If this is NOT for a calculus class and you do not know how to take the derivative, you can still do the problem by completing the square:
S= x^2+ (n-x)^2= x^2+ n^2- 2nx+ x^2= 2x^2- 2nx+ n^2= 2(x^2- nx)+ n^2. We complete the square by adding (and subtracting) (-n/2)^2= n^2/4. 2(x^2- nx+ n^2/4- n^2/4)+ n^2= 2(x^2- nx+ n^2/4)- n^2/2+ n^2= 2(x- n/2)^2+ n^2/2. Since a square is never negative, S is n^2/2 plus something unless x= n/2 in which case it is n^2/2+ 0= n^2/2.

Hi

So this problem is for first year university calculus.

I got confused about the derivative... i do know how to do derivates... too much calculus in one day:yuck: i guess.

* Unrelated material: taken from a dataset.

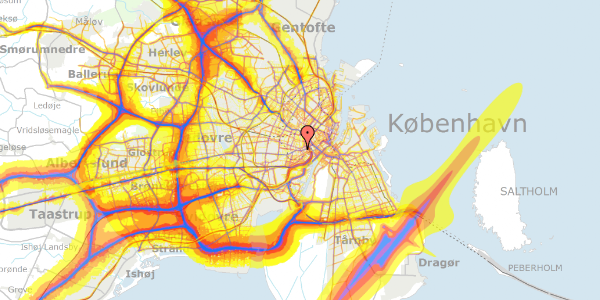 Trafikstøjkort på Bagerstræde 3A, 1. , 1617 København V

So from the steps shown, I followed them and they seem pretty clear.
So do I not calculate an actual number then... just leave answers with variables?
Thanks again for the help So do I not calculate an actual number then... just leave answers with variables?
n is the only variable.The answer should be in terms of n VietDao29
Homework Helper
star321 said:
we want to minimize S S=x^2+y^2
S=x^2+(n-x)^2
S'=2x-2(n-x)
S'=2x-2n+2x
S'=4x-2n
Yes, this is good. :)
Ok, you should notice that 0 <= x <= n, right?
If the derivative of a function at some point, say x0, is positive, then the function is increasing at that point. Otherwise, if it's negative, then the function is decreasing.
So for 0 <= x < n / 2, S' < 0, right? So the function S is decreasing in that interval.
For n / 2 < x < n, S' > 0, the function S is increasing.
So for x = n / 2, S takes the smallest value. Can you find that value?
Is everything clear now? :)